1. (5636)- Hz. Aişe (radıyallahu anhâ) anlatıyor: "Resulullah (aleyhissalâtu vesselâm) buyurdular ki:

"Nikahı ilan edin, onu mescidlerde yapın. Üzerine  de def vurun." [Tirmizî, Nikah 6, (1089).][1]

 

ـ5637 ـ2ـ وعنها رَضِيَ اللّهُ عَنها قالت: ]زَفَفْنَا إمْرَأةً الى رَجُلٍ مِنَ ا‘نْصَارِ. فَقَالَ النَّبِيُّ #: يَا عَائِشَةُ أمَا كَانَ مَعَكُمْ لَهْوٌ! فَإنَّ ا‘نْصَارِ يُعْجِبُهُمُ اللَّهْوَ[. أخرجه البخاري .

 

2. (5637)- Yine Hz. Aişe (radıyallahu anhâ) anlatıyor: "Bir kadını, ensardan bir erkekle evlendirmiştik. Resulullah (aleyhissalâtu vesselâm): "Ey Aişe! Eğlenceniz yok mu? Zira ensar eğlenceyi sever!" buyurdular." [Buharî, Nikah 63.][2]

 

ـ5638 ـ3ـ وعن مُحمّدِ بن حَاطِبِ الْجُمَحِي قال: ]قَالَ رَسُولُ اللّهِ #: فَصْلُ مَا بَيْنَ الْحََلِ وَالْحَرَامِ الدُّفُّ وَالصَّوْتُ[. أخرجه الترمذي والنسائي.وزاد: في النِّكَاحِ .

 

3. (5638)- Muhammed İbnu Hatıb el-Cumahi anlatıyor: "Resulullah (aleyhissalâtu vesselâm) buyurdular ki: "[Nikah'da] haramla helali ayıran fark, def ve sestir." [Tirmizî, Nikah 6, (1088); Nesâî, Nikah 72, (6, 127, 128).] [3]

 

AÇIKLAMA:

 

Yukarıda kaydedilen üç hadisin üçü de biraz farklı ifadelerle, nikahın alenî olmasını amirdir. Bir erkekle kadının hususi suretle anlaşarak yapacağı birleşme meşru değildir, zinadır. Bu sebeple üçüncü hadiste meşru birleşme ile gayrimeşru anlaşma -yani helal ile haram akitlerin- arasındaki farkın aleniyetle gizliliğin teşkil ettiği ifade edilmiştir. Helal olan, def çalarak güfte okuyarak ilan edilendir. Gizlice, sessizce yapılan da zinadır.

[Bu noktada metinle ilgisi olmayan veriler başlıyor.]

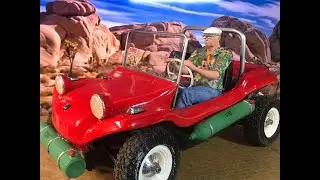 RC challenge Manx Club 3-D printed Bruce Myers and Old Red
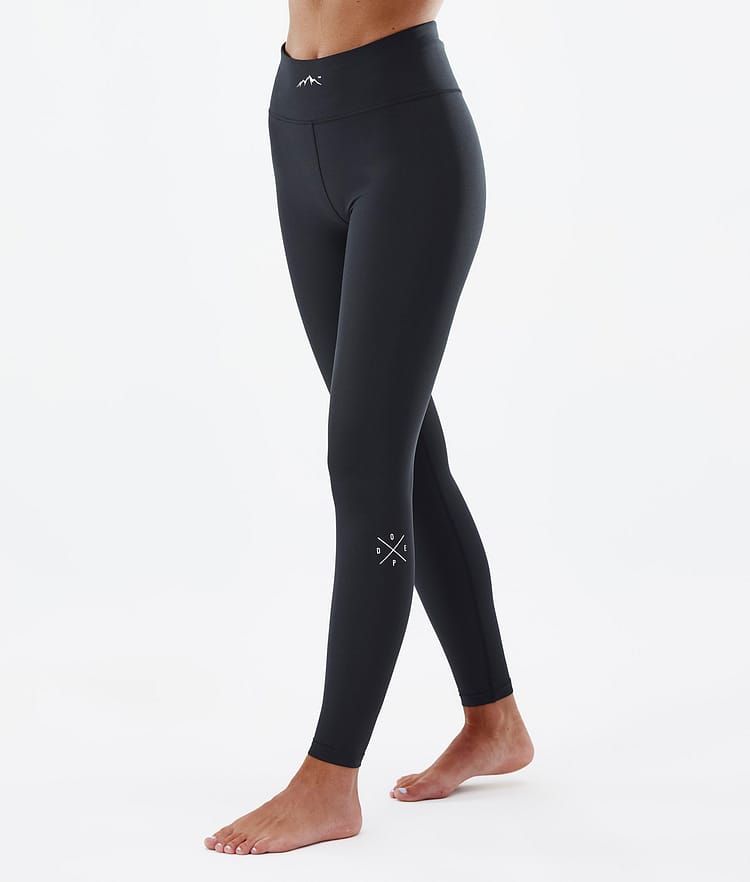 Dope Snuggle W 22 Superundertøy bukse Dame 2X-Up Black, Bilde 1 av 7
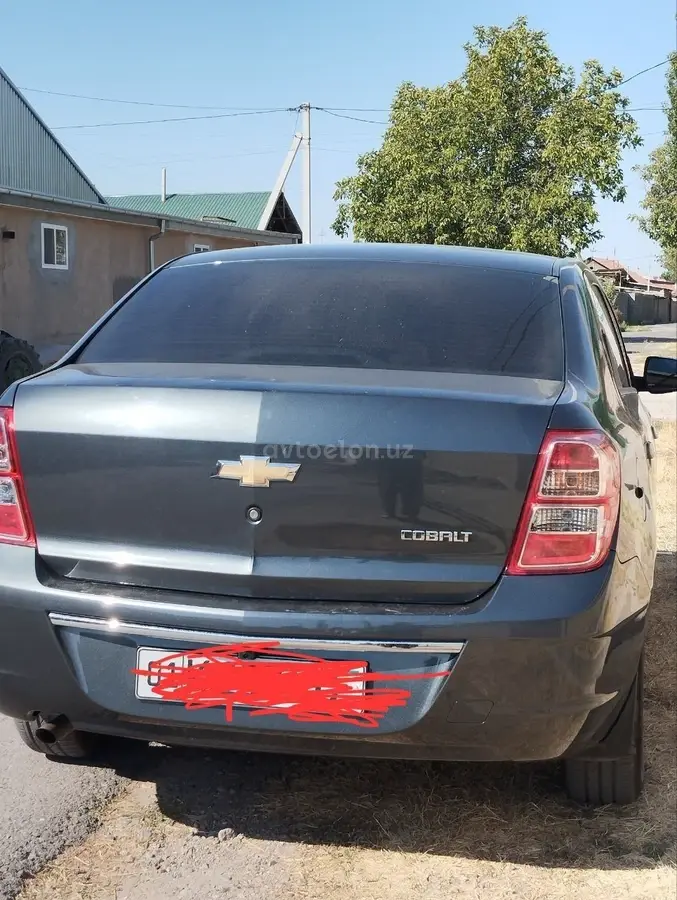 Chevrolet Cobalt,  4 евро позиция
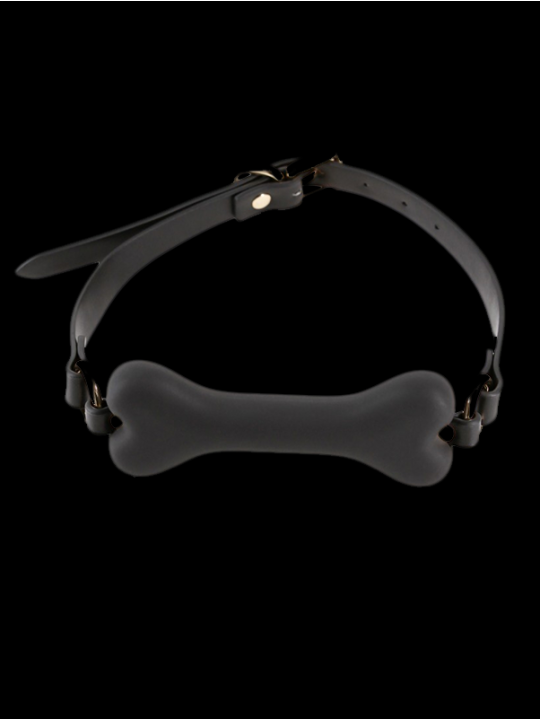 Fetish  et  Fashion - Roseanne Muselière Noire NS Toys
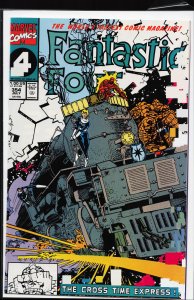 Fantastic Four #354 (1991) Fantastic Four [Key Issue]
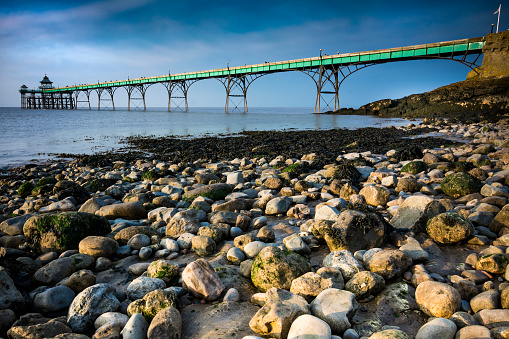 The only remaining Grade 1 listed pier was made using Victorian railway iron in the nineteenth century
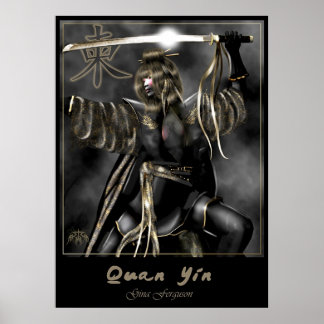 Poster Quan Yin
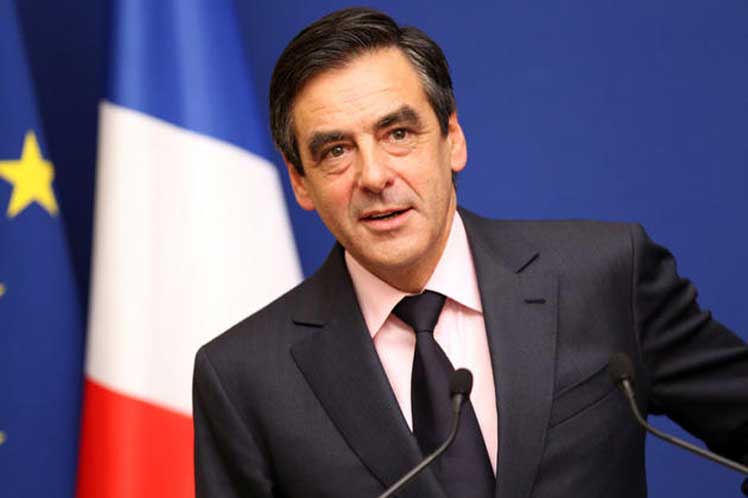 法國前總理費雍(Francois Fillon)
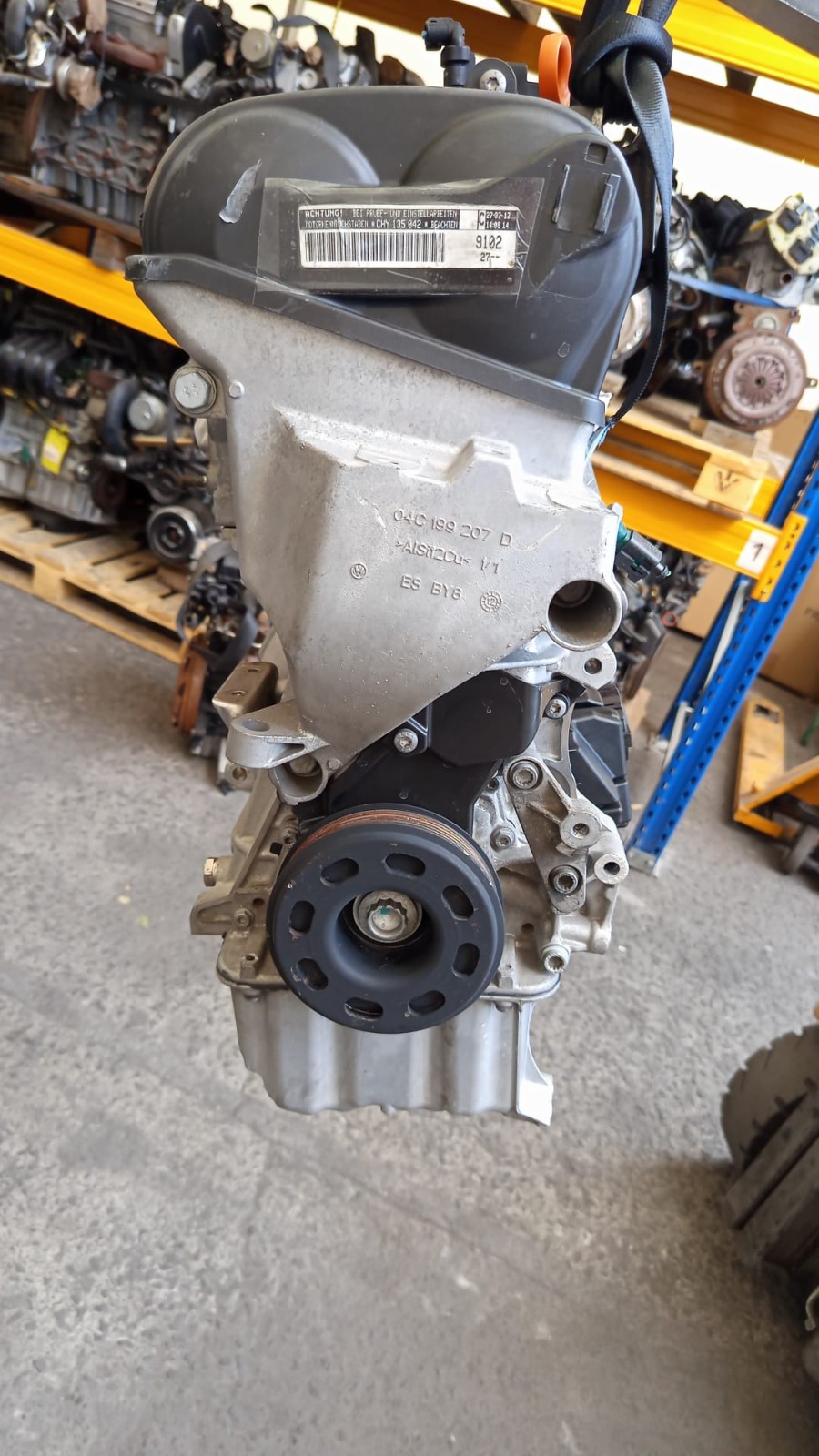 MOTORE VOLKSWAGEN UP 1.0 B CODICE CHY KM54000 ANNO 2018 LEGGI DETTAGLI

Resulullah birinci hadiste "Ensar eğlentiyi sever" buyurarak, düğün vesilesiyle  eğlenti yapılmasını teşvik ediyor. Bunun anlaşılması için, daha önce açıkladığımız üzere, Müslümanların hayatında ayrı bir eğlence programının olmadığını bilmek gerekir. İnsanın eğlenme ihtiyacı, birkısım düğün davet ve merasimlerle karşılanacaktır. Zamanımızda eğlence, radyo, teyp, video ve televizyon gibi vasıtalarla her günümüze ve hatta her saatimize girdiği için, düğünlerin de o devirdeki gibi defli ve sesli olmasında ısrar edilmeyebilir. Üstelik caiz olan def ve ses yerine, caiz olmayan çalgı ve şarkılar kaim olmuştur. Bu sebeple dindar çevrelerde geliştirilen mevlütlü düğünlerimiz, zahirde sünnete zıd da görünse, şayan-ı tercih olmalıdır. Böylece pekçok menhiyyatın önüne sed çekilmiş olur.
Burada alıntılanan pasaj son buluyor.